Detained aid worker Joseph Figueira Martin freed in Central African Republic

After 22 months of detention on controversial national security charges, a foreign aid worker has been freed from custody in the Central African Republic (CAR), his family has confirmed to the Associated Press. Joseph Figueira Martin, a dual Belgian-Portuguese national working as a consultant for U.S.-based development organization FHI 360, was released from detention on Tuesday, according to his immediate family. His brother told reporters that early confirmation of the release is solid, and the freed aid worker was expected to touch down in Lisbon, Portugal’s capital, within hours of the announcement.

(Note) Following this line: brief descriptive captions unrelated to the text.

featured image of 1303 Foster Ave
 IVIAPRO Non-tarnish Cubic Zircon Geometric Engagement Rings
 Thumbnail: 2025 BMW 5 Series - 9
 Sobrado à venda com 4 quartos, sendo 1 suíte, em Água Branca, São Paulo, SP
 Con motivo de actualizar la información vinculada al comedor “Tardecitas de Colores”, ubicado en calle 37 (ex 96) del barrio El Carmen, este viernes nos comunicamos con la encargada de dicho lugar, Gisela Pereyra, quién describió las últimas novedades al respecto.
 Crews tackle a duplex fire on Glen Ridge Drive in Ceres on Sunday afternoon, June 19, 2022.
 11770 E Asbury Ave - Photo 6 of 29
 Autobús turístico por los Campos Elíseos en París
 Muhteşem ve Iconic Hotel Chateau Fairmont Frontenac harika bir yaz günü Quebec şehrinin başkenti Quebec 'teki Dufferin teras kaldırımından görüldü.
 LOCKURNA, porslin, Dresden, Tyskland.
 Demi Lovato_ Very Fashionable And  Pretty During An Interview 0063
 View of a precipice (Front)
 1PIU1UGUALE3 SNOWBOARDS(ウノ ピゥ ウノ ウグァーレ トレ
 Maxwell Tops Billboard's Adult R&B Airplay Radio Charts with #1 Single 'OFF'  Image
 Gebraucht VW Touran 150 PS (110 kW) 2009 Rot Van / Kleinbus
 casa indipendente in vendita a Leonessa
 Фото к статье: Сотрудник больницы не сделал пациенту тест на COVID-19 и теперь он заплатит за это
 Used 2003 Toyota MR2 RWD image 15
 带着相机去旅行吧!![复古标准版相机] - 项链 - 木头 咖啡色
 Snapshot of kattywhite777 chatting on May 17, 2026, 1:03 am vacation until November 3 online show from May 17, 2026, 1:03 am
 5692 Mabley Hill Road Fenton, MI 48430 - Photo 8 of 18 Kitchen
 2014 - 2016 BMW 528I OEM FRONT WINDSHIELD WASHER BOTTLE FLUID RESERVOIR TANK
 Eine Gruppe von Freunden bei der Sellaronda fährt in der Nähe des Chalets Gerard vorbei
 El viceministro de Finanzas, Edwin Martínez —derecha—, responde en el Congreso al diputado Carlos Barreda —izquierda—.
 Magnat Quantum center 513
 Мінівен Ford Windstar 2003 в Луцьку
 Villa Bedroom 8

Figueira Martin was first taken into custody in May 2023, not 2024 as initially cited in some early official statements, during a security sweep in Zemio, a remote southeastern CAR town that has been trapped in chronic interethnic and anti-government violence for more than a decade. The CAR prosecutor’s office leveled serious allegations against the aid worker, including claims of espionage, unlawful collaboration with armed rebel factions, plotting to overthrow the sitting government, and endangering the country’s national sovereignty. Held in a maximum-security military prison, Figueira Martin previously launched a hunger strike to draw attention to poor and abusive conditions during his detention.

As of Tuesday evening, CAR’s presidential administration and national law enforcement bodies had not issued an official confirmation of the aid worker’s release, nor had they offered any public comment on the future of his outstanding legal case.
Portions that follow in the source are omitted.